**Stored data**:
___

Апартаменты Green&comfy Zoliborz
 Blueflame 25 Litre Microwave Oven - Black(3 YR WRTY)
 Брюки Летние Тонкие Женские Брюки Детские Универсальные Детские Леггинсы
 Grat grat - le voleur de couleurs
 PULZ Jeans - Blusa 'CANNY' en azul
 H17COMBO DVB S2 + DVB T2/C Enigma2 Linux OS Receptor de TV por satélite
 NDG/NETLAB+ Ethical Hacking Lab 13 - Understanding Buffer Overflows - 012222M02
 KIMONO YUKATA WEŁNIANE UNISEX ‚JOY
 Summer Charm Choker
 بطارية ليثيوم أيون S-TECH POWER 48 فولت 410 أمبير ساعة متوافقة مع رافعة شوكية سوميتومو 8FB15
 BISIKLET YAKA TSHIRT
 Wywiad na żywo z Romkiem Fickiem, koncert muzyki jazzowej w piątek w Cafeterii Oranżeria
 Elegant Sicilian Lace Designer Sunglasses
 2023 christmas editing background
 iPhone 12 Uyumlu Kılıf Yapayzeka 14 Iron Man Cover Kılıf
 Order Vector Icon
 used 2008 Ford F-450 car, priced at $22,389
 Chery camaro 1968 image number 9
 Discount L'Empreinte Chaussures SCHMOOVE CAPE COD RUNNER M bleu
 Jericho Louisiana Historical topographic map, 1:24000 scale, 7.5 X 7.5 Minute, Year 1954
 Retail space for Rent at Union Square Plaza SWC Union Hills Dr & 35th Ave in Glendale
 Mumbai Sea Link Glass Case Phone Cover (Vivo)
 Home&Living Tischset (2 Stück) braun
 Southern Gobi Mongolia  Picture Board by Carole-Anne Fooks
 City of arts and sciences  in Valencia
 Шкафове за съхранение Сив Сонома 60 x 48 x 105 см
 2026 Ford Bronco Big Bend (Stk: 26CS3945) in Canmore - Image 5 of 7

___

**To do**: Give back exactly the lines from the first line of the records through the line holding "Summer Charm Choker", including both of those lines and leaving out all others.

**Finished task**:
Апартаменты Green&comfy Zoliborz
 Blueflame 25 Litre Microwave Oven - Black(3 YR WRTY)
 Брюки Летние Тонкие Женские Брюки Детские Универсальные Детские Леггинсы
 Grat grat - le voleur de couleurs
 PULZ Jeans - Blusa 'CANNY' en azul
 H17COMBO DVB S2 + DVB T2/C Enigma2 Linux OS Receptor de TV por satélite
 NDG/NETLAB+ Ethical Hacking Lab 13 - Understanding Buffer Overflows - 012222M02
 KIMONO YUKATA WEŁNIANE UNISEX ‚JOY
 Summer Charm Choker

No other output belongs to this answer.